* _Task goal_
First find the line with "This is our" in the entries below, then set down exactly every line through the line with "Today's lab is", that line included.

Data START

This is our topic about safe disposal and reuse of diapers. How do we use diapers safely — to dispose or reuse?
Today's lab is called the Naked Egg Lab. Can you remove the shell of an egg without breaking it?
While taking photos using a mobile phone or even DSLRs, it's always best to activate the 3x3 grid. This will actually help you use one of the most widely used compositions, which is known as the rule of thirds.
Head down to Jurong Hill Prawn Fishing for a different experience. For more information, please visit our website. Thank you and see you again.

Data END
Data START

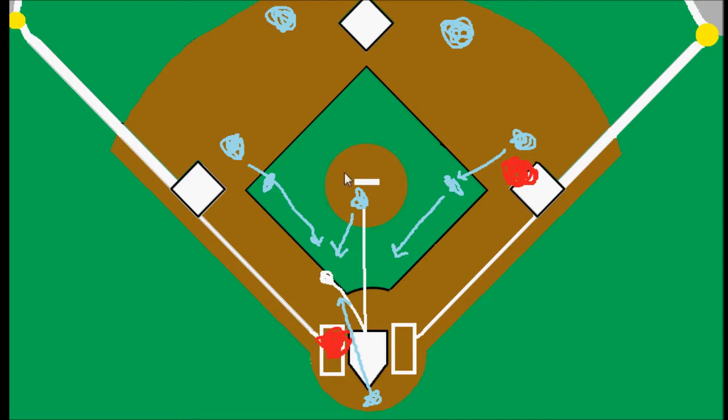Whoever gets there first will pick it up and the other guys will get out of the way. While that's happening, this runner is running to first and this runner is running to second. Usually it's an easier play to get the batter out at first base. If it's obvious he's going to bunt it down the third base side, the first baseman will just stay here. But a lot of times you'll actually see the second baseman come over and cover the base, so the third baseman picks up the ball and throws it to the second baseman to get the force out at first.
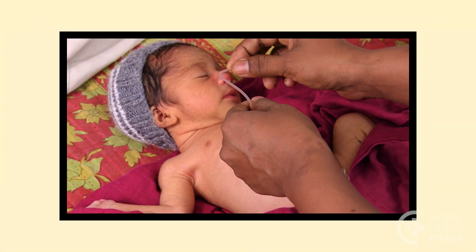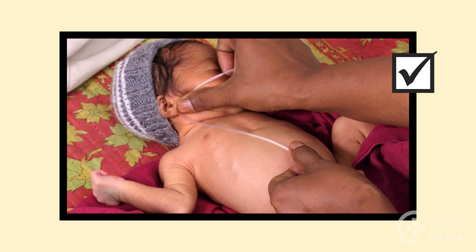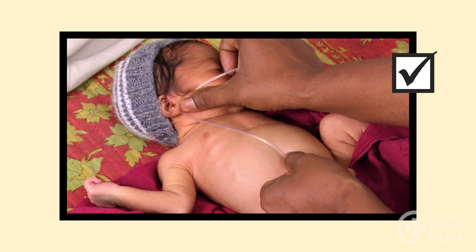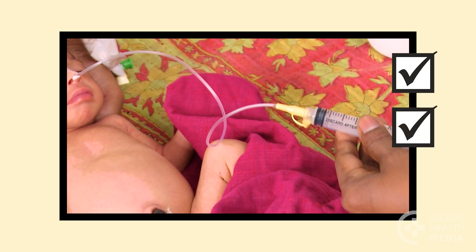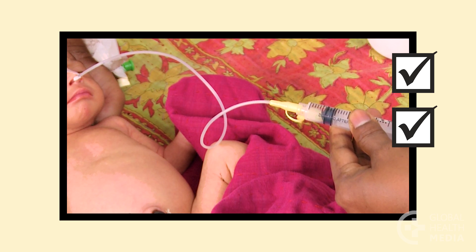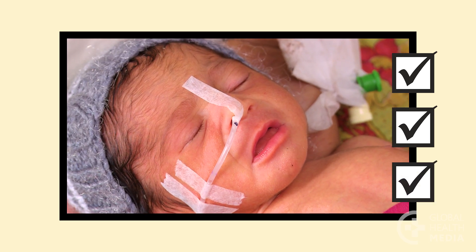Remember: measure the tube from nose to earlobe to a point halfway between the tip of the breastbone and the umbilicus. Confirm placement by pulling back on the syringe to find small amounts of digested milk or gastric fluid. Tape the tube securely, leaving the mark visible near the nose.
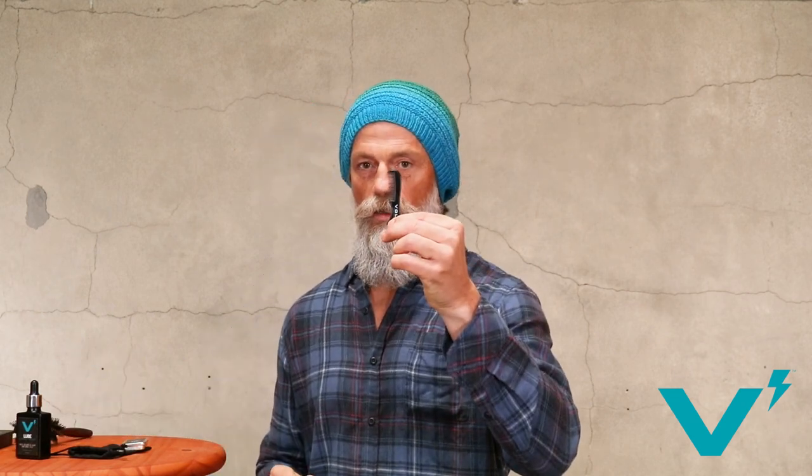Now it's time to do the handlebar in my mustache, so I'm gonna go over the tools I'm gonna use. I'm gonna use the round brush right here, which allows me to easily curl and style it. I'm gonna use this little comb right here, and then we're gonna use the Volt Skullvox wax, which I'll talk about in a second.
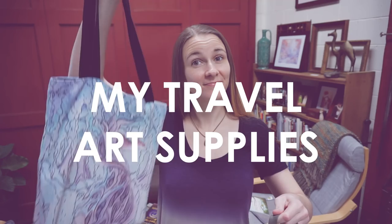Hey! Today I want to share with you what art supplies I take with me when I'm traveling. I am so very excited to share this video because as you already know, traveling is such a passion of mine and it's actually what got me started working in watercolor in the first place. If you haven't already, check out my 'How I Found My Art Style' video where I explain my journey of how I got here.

Data END
Data START

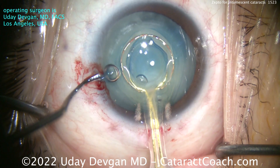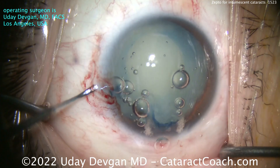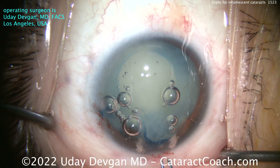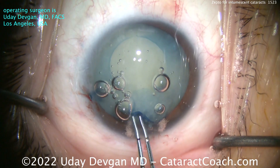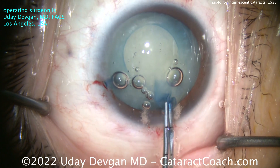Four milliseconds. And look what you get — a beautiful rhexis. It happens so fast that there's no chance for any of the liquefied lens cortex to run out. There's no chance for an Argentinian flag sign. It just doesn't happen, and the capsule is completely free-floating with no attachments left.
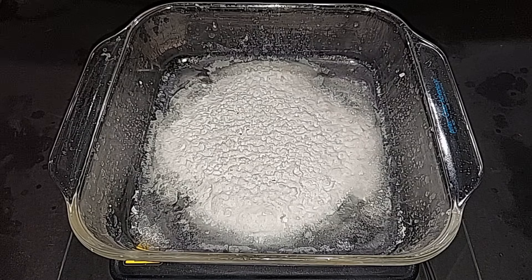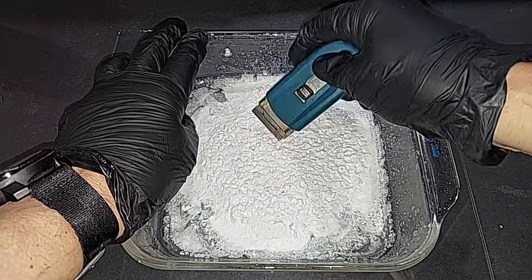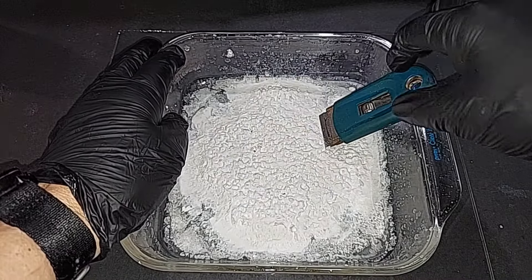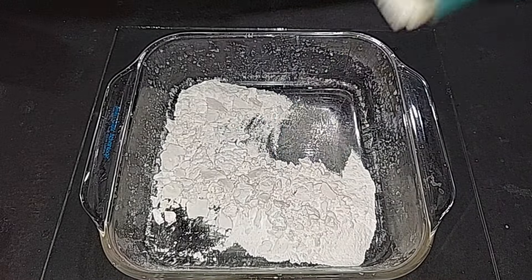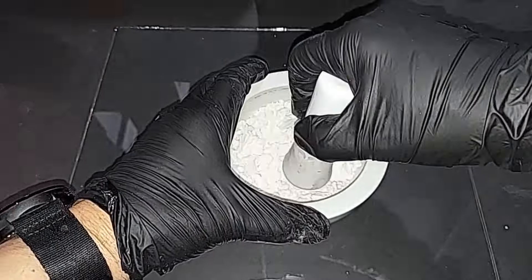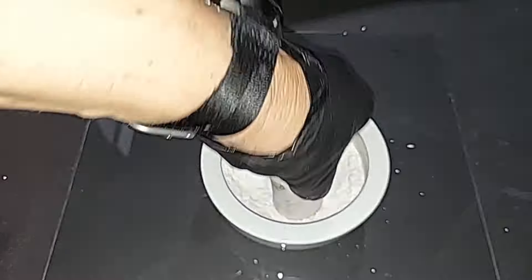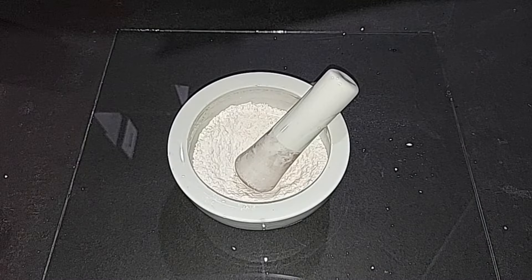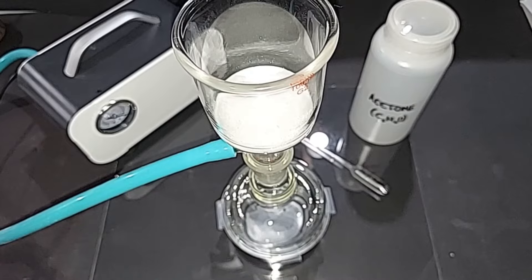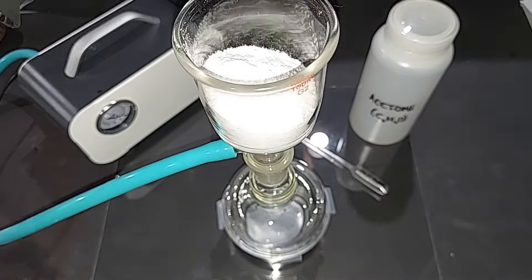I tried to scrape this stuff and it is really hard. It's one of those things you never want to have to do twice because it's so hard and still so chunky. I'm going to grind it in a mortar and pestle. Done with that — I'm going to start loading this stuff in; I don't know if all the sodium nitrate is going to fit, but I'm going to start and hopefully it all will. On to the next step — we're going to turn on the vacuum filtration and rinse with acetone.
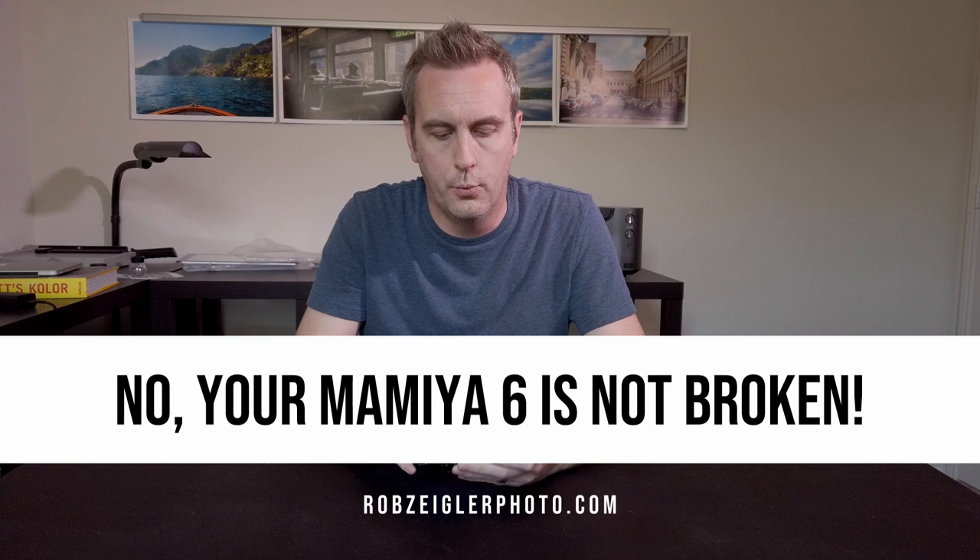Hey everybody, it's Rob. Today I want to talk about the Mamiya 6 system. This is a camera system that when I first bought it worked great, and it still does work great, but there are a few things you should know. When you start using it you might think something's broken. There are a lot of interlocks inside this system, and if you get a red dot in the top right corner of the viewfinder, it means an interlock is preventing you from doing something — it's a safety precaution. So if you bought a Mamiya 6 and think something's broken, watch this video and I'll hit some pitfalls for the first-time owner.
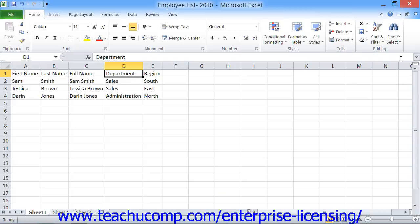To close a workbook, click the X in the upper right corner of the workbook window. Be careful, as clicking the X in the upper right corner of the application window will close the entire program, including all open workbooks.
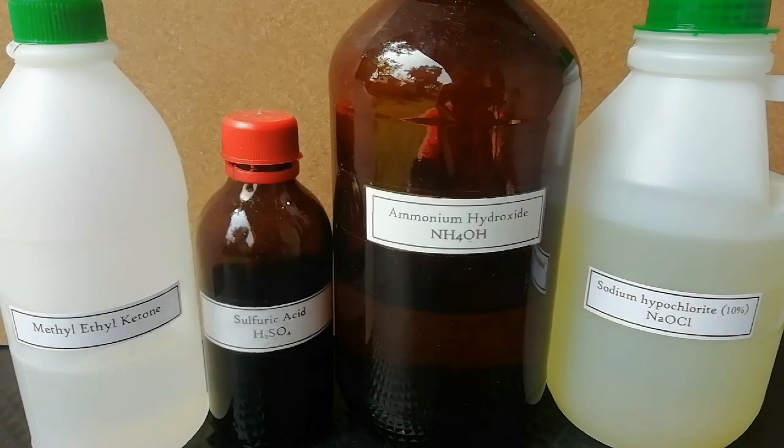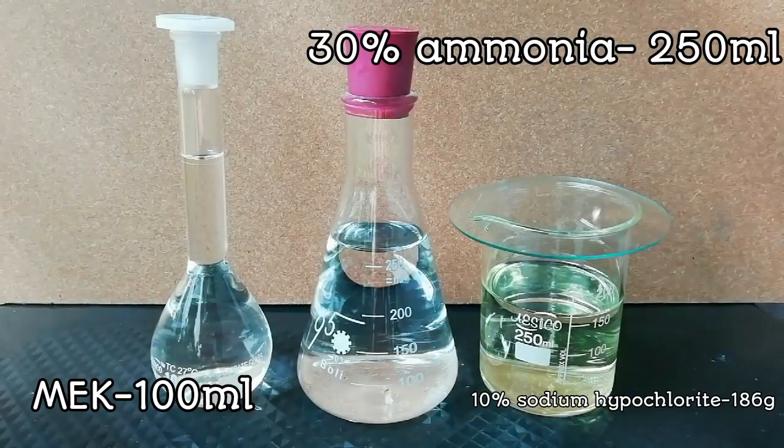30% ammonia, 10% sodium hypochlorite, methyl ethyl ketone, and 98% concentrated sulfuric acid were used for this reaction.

Data END

* _The completed task_
This is our topic about safe disposal and reuse of diapers. How do we use diapers safely — to dispose or reuse?
Today's lab is called the Naked Egg Lab. Can you remove the shell of an egg without breaking it?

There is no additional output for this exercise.